The next code snippet is an example of the lighting model applied on the fragment shader.
#version 330 core
out vec4 FragColor;
in vec3 Normal;
in vec3 FragPos;
uniform vec3 u_object_color;
uniform vec3 u_light_color;
uniform vec3 u_light_pos;
uniform vec3 u_view_pos;
void main()
{
// ambient
float ambient_strength = 0.1;
vec3 ambient = ambient_strength * u_light_color;
// diffuse
vec3 norm = normalize(Normal);
vec3 light_dir = normalize(u_light_pos - FragPos);
float diff = max(dot(norm, light_dir), 0.0);
vec3 diffuse = diff * u_light_color;
// specular
float specular_strength = 0.5;
vec3 view_dir = normalize(u_view_pos - FragPos);
vec3 reflect_dir = reflect(-light_dir, norm);
float spec = pow(max(dot(view_dir, reflect_dir), 0.0), 32);
vec3 specular = specular_strength * spec * u_light_color;
vec3 result = (ambient + diffuse + specular) * u_object_color;
FragColor = vec4(result, 1.0);
}
Ambient light is a light that affects every object in the same proportion in every direction.
Diffuse light is applied to a surface of the object with a direction. This means that the light hits the object with some angle. When the light hits the surface of the object directly (parallel to the normal vector of the surface), the intensity of the light is higher. When the light direction is perpendicular to the surface (or behind) the diffuse light is at it’s minimum.
Specular light is the light that gets reflected to the observer (view). This light usually depends on the objects material properties. More reflective materials will reflect more light.
Next we want to explore 2 different types of light that we will use in the renderer. All of them use the same lighting model but affect the scene in different ways.
Directional Light
The first light that we want to introduce to the game is the Directional Light. This could be thought as a very distant light source (like the sun) that casts light with some direction. Because the light is so far away it hits the surfaces with the same intensity.
struct DirLight {
vec3 direction;
vec3 ambient;
vec3 diffuse;
vec3 specular;
};
uniform DirLight u_dir_light;
...
vec3 CalcDirLight(DirLight light, vec3 normal, vec3 view_dir) {
vec3 light_dir = normalize(-light.direction);
// diffuse shading
float diff = max(dot(normal, light_dir), 0.0);
// specular shading
vec3 reflect_dir = reflect(-light_dir, normal);
float spec = pow(max(dot(view_dir, reflect_dir), 0.0), u_material.shininess);
// combine results
vec3 ambient = light.ambient * vec3(texture(u_material.diffuse, TexCoords));
vec3 diffuse = light.diffuse * diff * vec3(texture(u_material.diffuse, TexCoords));
vec3 specular = vec3(0.0);
if (u_material.has_specular) {
specular = light.specular * spec * vec3(texture(u_material.specular, TexCoords));
}
return (ambient + diffuse + specular);
}
void main() {
// properties
vec3 norm = normalize(Normal);
vec3 view_dir = normalize(u_view_pos - FragPos);
// phase 1: Directional lighting
vec3 result = CalcDirLight(u_dir_light, norm, view_dir);
FragColor = vec4(result, 1.0);
}
In the previous snippet we have created a new struct in the shader that describes a DirectionalLight.

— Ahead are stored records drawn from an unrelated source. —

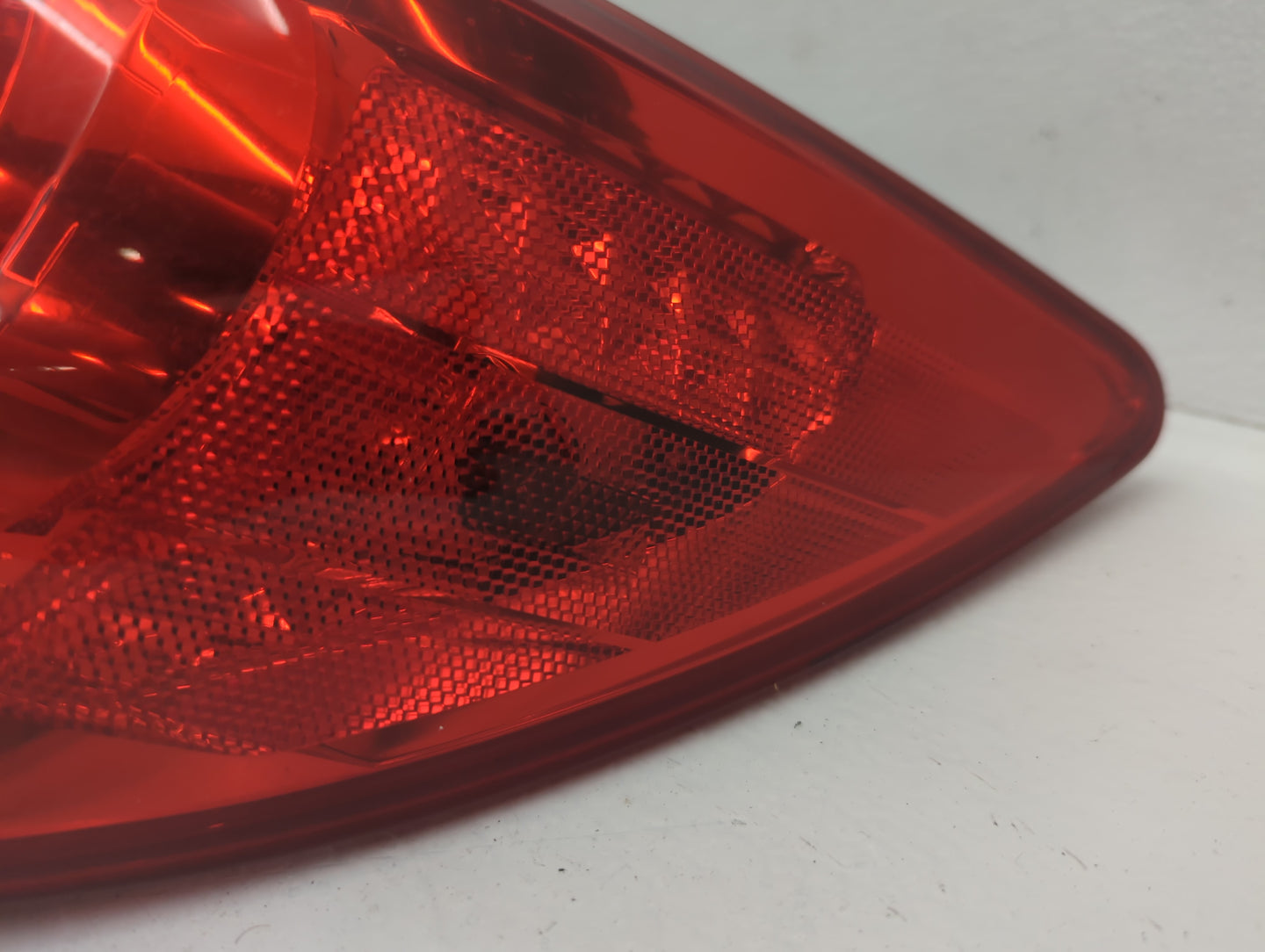 2012 Chevrolet Traverse Tail Light Assembly Driver Left OEM P/N:ZFY-00928-GM Fits OEM Used Auto Parts - Oemusedautoparts1.co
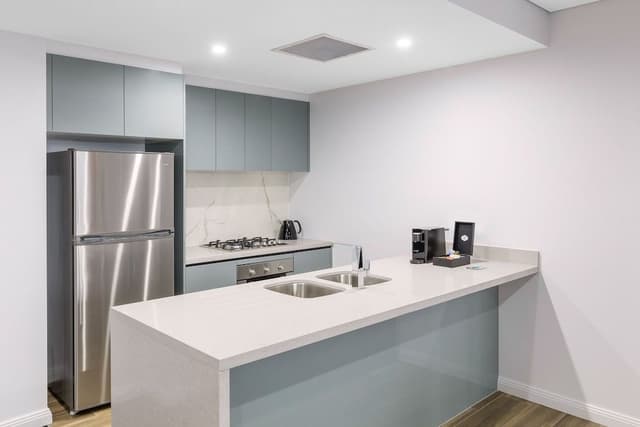 2 Bedroom Balcony Harbour View Suite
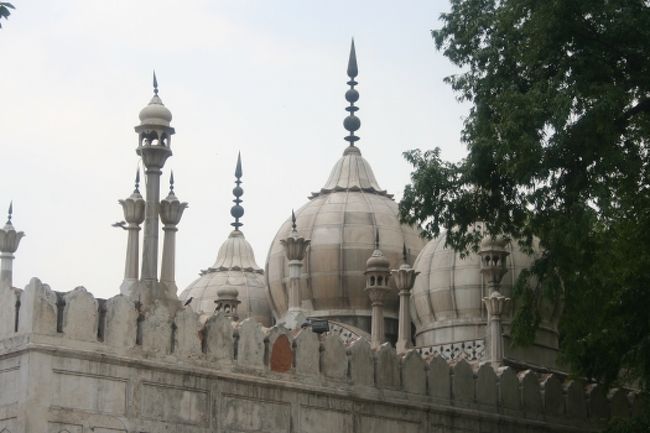 モーティー・マハル<br /><br />アウラングセーブ帝の専用モスク。<br />別名 真珠の宮殿。<br />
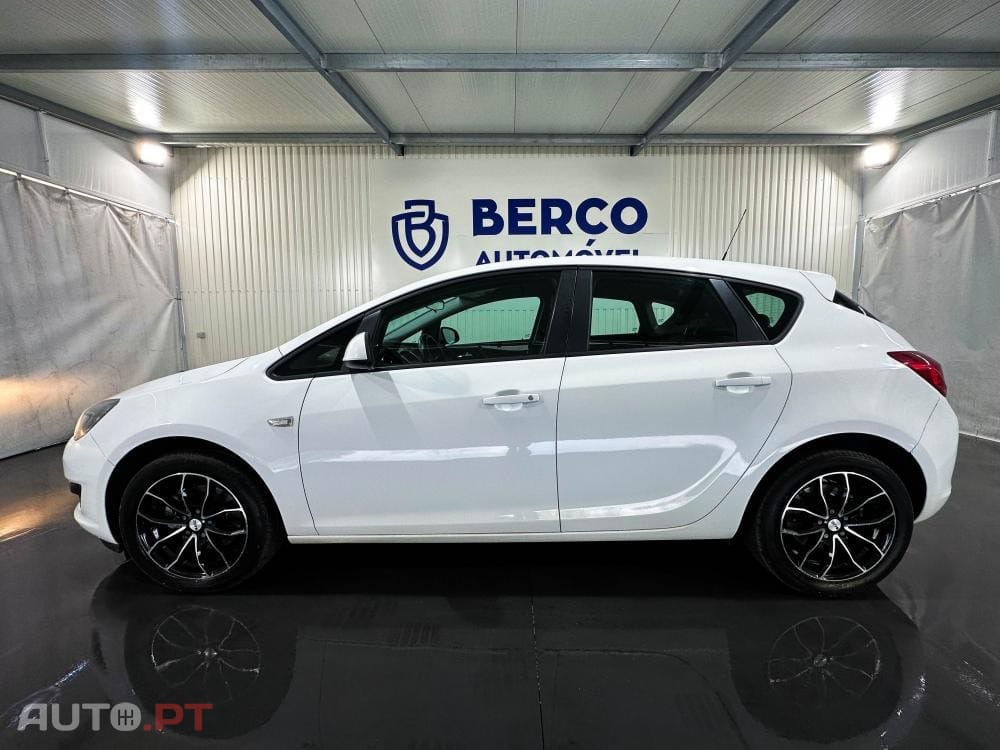 Opel Astra 1.6 CDTI Cosmo S/S J18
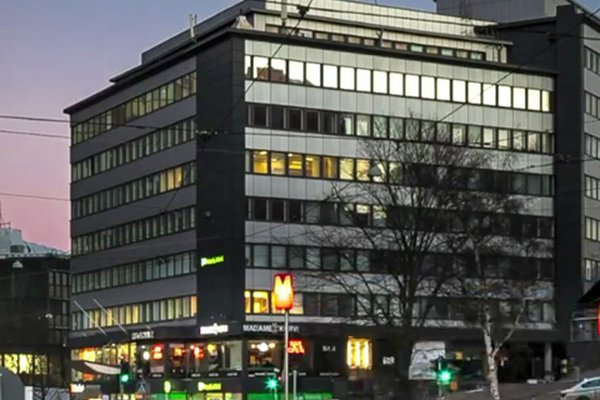 Näkymisen paikka kuuluu hintaan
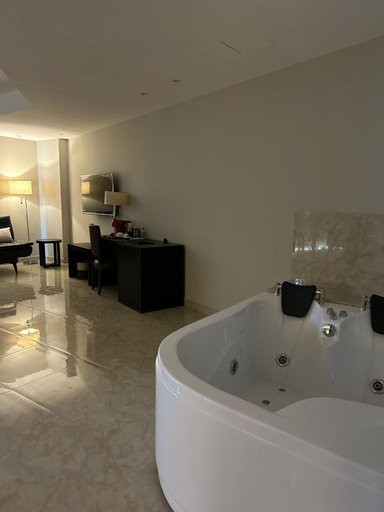 Bathroom 3, 365 UrbanLiving, Jubail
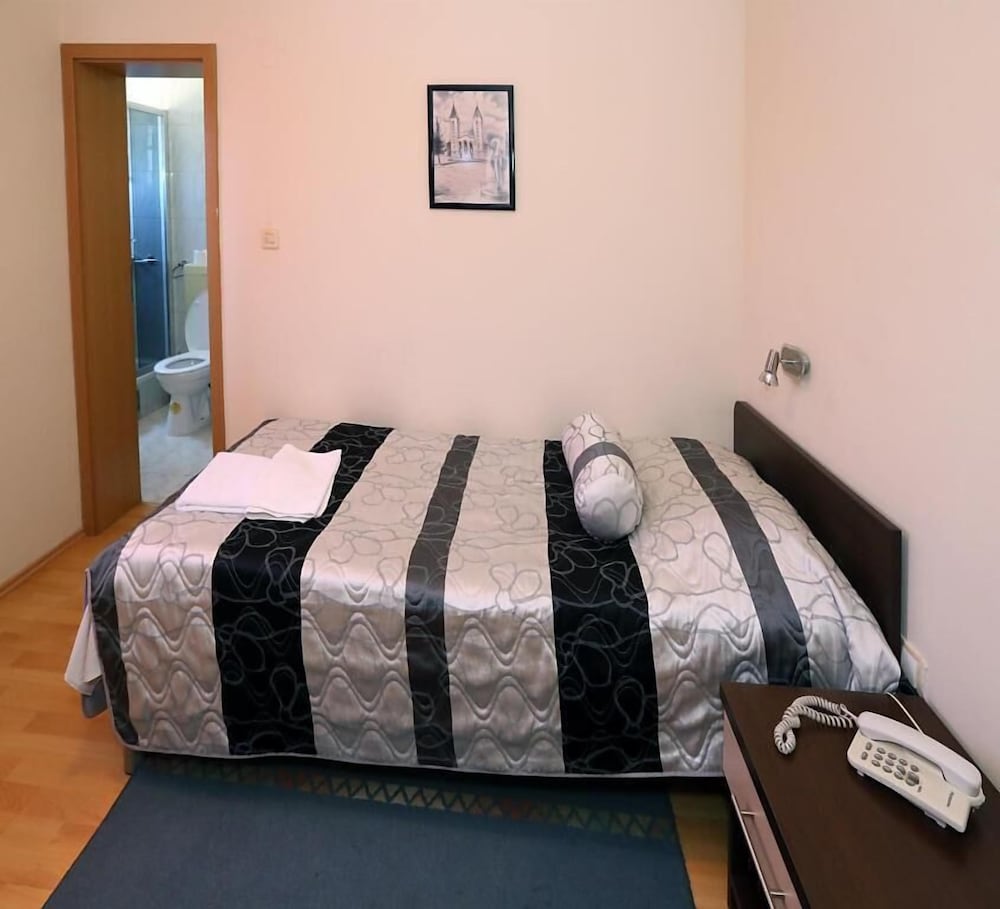 Single Room photo 3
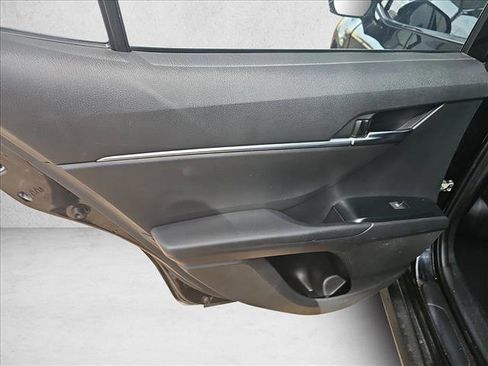 Used 2019 Toyota Camry LE image 10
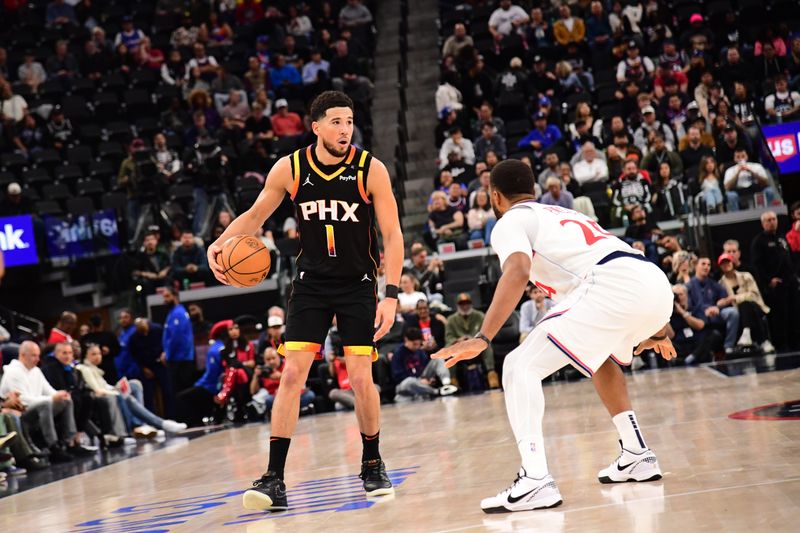 INGLEWOOD, CA - OCTOBER 31: Devin Booker #1 of the Phoenix Suns dribbles the ball during the game against the LA Clippers on October 31, 2024 at Intuit Dome in Los Angeles, California. NOTE TO USER: User expressly acknowledges and agrees that, by downloading and/or using this Photograph, user is consenting to the terms and conditions of the Getty Images License Agreement. Mandatory Copyright Notice: Copyright 2024 NBAE (Photo by Adam Pantozzi/NBAE via Getty Images)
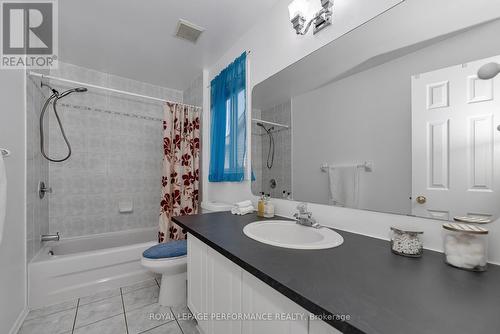 644 Valin Street, Ottawa, ON - Indoor Photo Showing Bathroom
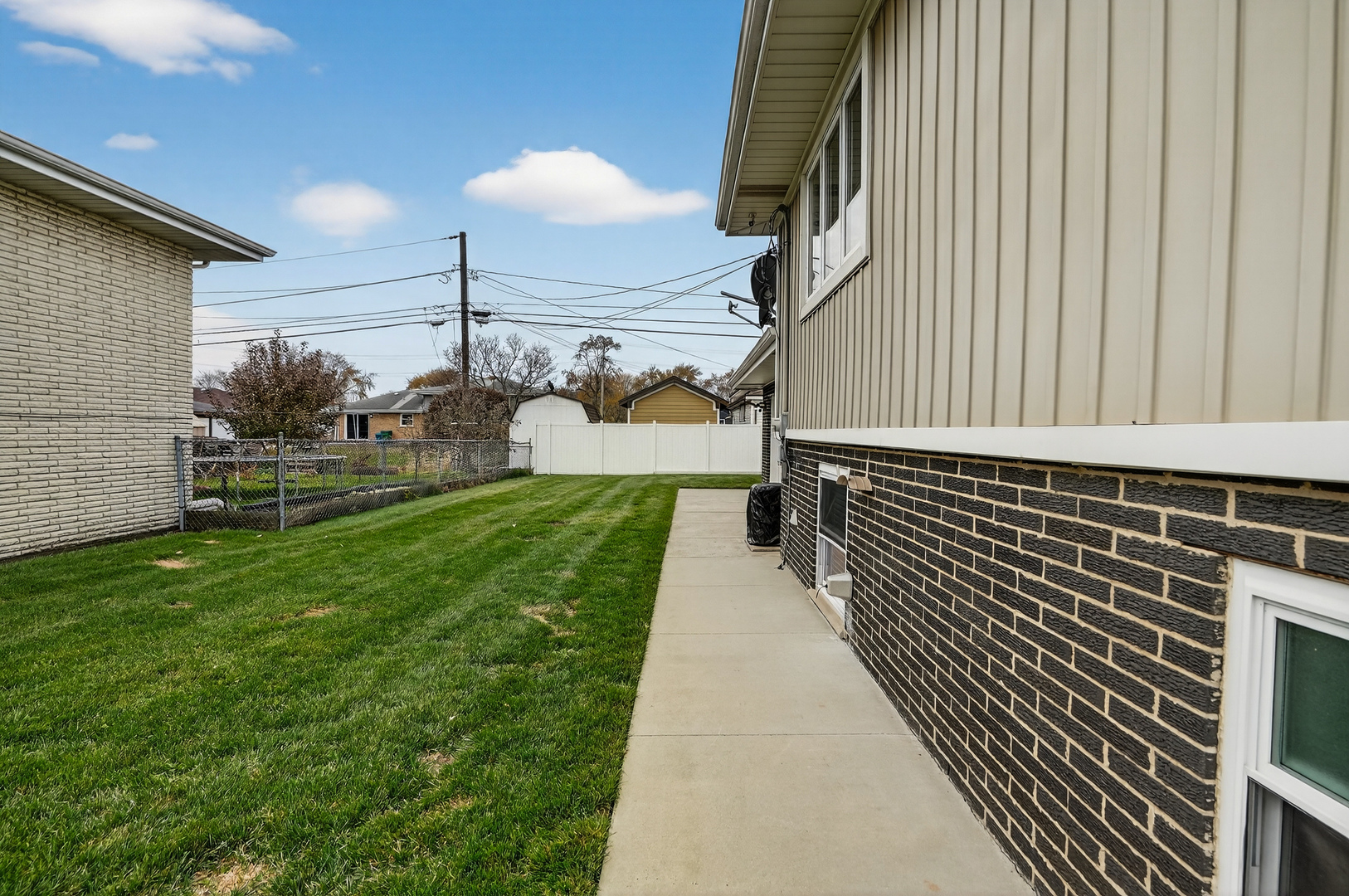 8400 S NEW ENGLAND Avenue, Burbank, IL 60459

This light has the 3 components of the Phong Lighting model.
We have also added a new function that is used to calculate the light on the fragment.
Point Light
This next type of light is called the Point Light. This light source is positioned somewhere in the scene
and will affect objects in a radius. We like to think of it as torches or street lights. A scene can have many
of them.
struct PointLight {
vec3 position;
float constant;
float linear;
float quadratic;
vec3 ambient;
vec3 diffuse;
vec3 specular;
};
#define NR_POINT_LIGHTS 4
uniform PointLight u_point_lights[NR_POINT_LIGHTS];
vec3 CalcPointLight(PointLight light, vec3 normal, vec3 frag_pos, vec3 view_dir) {
vec3 light_dir = normalize(light.position - frag_pos);
// diffuse shading
float diff = max(dot(normal, light_dir), 0.0);
// specular shading
vec3 reflect_dir = reflect(-light_dir, normal);
float spec = pow(max(dot(view_dir, reflect_dir), 0.0), u_material.shininess);
// attenuation
float distance = length(light.position - frag_pos);
float attenuation = 1.0 / (light.constant + light.linear * distance +
light.quadratic * (distance * distance));
// combine results
vec3 ambient = light.ambient * vec3(texture(u_material.diffuse, TexCoords));
vec3 diffuse = light.diffuse * diff * vec3(texture(u_material.diffuse, TexCoords));
vec3 specular = vec3(0.0);
if (u_material.has_specular) {
specular = light.specular * spec * vec3(texture(u_material.specular, TexCoords));
}
ambient *= attenuation;
diffuse *= attenuation;
specular *= attenuation;
return (ambient + diffuse + specular);
}
void main() {
// properties
vec3 norm = normalize(Normal);
vec3 view_dir = normalize(u_view_pos - FragPos);
// phase 1: Directional lighting
vec3 result = CalcDirLight(u_dir_light, norm, view_dir);
// phase 2: Point lights
for(int i = 0; i < NR_POINT_LIGHTS; i++) {
result += CalcPointLight(u_point_lights[i], norm, FragPos, view_dir);
}
FragColor = vec4(result, 1.0);
}
Similar to the DirectionalLight, we have created a struct for the PointLight and a function
to calculate and add the contribution of all the point lights in the scene on the fragment.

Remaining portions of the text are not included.